▶ _EXERCISE OBJECTIVE_: From the records below, determine the number of lines containing "Used". Output that number alone.

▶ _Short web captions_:
######

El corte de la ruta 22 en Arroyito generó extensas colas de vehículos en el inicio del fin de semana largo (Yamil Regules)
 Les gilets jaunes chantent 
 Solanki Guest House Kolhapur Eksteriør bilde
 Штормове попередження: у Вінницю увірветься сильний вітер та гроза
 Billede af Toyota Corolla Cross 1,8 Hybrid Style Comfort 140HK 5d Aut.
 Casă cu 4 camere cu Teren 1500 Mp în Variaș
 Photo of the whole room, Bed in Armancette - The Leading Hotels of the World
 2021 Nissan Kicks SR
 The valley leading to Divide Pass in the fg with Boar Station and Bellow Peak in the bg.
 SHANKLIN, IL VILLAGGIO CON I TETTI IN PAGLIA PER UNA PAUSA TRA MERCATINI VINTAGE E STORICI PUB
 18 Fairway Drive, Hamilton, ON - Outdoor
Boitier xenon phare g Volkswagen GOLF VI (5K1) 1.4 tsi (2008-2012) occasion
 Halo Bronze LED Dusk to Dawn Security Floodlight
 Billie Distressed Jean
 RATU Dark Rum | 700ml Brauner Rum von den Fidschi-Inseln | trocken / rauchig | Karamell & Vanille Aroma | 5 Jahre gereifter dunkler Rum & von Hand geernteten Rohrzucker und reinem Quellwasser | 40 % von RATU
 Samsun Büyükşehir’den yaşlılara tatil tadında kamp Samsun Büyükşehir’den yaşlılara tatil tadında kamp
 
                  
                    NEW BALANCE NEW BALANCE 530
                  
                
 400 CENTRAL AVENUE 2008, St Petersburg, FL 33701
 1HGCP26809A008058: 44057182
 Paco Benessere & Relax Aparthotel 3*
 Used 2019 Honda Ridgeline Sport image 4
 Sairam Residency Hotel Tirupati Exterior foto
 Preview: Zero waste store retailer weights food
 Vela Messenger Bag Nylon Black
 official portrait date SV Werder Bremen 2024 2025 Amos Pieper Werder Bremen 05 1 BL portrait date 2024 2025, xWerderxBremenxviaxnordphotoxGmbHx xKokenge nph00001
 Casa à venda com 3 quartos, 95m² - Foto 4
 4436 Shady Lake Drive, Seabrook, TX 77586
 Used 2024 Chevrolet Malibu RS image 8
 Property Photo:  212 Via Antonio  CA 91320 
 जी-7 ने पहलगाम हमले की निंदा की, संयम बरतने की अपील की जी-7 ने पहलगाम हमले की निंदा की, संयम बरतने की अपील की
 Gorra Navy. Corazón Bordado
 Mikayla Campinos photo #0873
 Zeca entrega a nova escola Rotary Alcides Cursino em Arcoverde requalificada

######

▶ _RESPONSE BOX_: 2